Lately hunters (primarily from the U.S.) have been paying $30,000 for the chance of whacking a polar bear during a grueling hunt in the Canadian arctic on dog-sleds and in sub-zero weather. If successful, then the hunter's taxidermist landed another $5,000 or so for converting the beast's epidermis into an infuriatingly politically-incorrect rug for the hunter to display to his politically-correct guests at dinner parties. Generally speaking, the most spirited reactions from guests came after uncorking the eight bottle of wine.
Most of these guests were usually his wife's friends from the local Art Council and Kayak Club and spittle sometimes landed on his valuable rug of thick white fur, but without lasting damage. The often lipstick-smeared sprayings quickly evaporated and whatever effort was involved in wiping them up was well worth the spectacle of pulsating veins on pretty crimson-hued foreheads with earrings jangling below from the bobbing motions, along with the slender, perfumed (but always white-knuckled) fists constantly thrust to within millimeters of his nose.
“Ah, but they look so sexy that way!” the hunter would always remark to his glowering wife as she frantically motioned the guests into another room. “Like a woman in a Tango!” the smirking hunter persisted. “In the words of legendary poet, Jorge Luis Borges: “The tango shows that a fight may be a celebration! "Alas, the hunter's philosophical reflections were always lost on his guests-- not to mention his wife.
At any rate, most of the $30,000 spent by the hunter for his foolproof conversation piece went to Canada's Inuit (Eskimo) communities whose members had served as his guide, cooks, outfitters, etc, during the hunt. The Eskimos also got the polar bear meat, which has been a historic staple in their diet.
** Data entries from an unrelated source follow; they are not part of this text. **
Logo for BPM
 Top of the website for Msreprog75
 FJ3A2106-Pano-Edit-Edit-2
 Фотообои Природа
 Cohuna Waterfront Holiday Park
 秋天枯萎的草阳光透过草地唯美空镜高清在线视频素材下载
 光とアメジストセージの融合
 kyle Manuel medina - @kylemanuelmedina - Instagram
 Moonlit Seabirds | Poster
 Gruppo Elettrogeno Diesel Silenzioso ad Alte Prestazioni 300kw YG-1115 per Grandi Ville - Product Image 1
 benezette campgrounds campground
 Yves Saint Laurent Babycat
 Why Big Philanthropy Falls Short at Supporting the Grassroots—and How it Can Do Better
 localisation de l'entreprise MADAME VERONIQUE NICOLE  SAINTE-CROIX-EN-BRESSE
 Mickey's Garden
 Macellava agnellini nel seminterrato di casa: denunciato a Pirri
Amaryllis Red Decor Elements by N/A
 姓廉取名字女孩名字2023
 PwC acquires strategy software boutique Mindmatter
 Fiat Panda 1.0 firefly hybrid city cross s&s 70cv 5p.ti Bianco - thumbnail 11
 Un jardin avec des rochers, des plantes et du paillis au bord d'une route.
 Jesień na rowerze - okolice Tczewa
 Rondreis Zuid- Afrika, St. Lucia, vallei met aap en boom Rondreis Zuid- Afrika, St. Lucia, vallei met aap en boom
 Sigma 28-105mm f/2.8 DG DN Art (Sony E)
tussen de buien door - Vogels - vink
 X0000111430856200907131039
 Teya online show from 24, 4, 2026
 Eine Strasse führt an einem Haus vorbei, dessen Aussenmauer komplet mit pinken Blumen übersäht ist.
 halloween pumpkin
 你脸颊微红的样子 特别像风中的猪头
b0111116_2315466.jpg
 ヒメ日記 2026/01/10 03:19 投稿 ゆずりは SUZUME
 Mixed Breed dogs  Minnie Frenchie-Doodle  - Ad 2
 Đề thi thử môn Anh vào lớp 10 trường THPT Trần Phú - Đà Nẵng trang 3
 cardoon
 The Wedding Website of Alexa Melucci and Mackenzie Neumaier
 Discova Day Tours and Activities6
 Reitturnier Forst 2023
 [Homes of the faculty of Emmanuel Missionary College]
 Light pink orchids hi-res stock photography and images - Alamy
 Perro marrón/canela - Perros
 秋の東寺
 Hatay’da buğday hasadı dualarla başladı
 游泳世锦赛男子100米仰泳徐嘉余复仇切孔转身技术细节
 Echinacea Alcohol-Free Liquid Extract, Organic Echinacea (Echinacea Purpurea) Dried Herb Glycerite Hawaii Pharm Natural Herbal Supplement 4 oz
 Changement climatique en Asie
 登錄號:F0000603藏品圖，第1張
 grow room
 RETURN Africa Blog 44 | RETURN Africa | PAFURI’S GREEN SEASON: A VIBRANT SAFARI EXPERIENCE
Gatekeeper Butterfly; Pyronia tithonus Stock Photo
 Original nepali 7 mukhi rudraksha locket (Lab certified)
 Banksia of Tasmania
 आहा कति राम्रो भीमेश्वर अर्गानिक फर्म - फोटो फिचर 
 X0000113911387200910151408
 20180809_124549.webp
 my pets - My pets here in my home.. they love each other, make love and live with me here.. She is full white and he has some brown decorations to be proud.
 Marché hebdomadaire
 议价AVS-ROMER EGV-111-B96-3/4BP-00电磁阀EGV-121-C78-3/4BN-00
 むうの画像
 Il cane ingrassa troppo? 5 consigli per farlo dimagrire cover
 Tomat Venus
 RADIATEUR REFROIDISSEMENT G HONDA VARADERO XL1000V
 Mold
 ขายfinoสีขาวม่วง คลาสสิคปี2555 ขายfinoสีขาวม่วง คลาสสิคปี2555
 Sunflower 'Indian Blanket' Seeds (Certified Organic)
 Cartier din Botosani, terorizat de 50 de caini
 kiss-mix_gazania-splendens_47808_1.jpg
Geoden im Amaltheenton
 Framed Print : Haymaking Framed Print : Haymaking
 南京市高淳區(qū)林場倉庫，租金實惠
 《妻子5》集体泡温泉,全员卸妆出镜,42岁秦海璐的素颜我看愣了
"It's Inuit food,” says Canadian Inuit Jayko Alooloo in an interview with Canada's CTV, “like cows for you southern people.''
Alooloo also regards the newly-designated status of polar bears as “endangered” as a complete crock.
“They're actually increasing every year.” he says. But what does he know? He only lives amongst them? Whereas, from his Washington D.C. Office, U.S. Interior Secretary Dirk Kempthorne relied on computer weather model to predict that in 50 years, due to Global Warming's effect on arctic ice fields, polar bears will decrease in numbers. My own weatherman's computer model's rarely get it right for the next four days. Kempthorne's nails it for the next fifty years!
In fact, these hunts being such an integral part of their culture, a few Inuits elect to retain the tags for themselves to do the killing. The new ruling means that now they'll probably keep all. A recreational hunt lasts a few days and—like all hunting--does not always climax with kill. But the tag is considered used once it's sold to a recreational hunter, kill or no kill. On the other hand, Inuit hunters always kill a bear because they have months to fill that tag. So now that U.S. Recreational hunters are barred by U.S. Federal law from bringing home their conversation-piece rug, the Inuits have no choice but to keep their tags, assuring that more Polar Bears bears will be killed.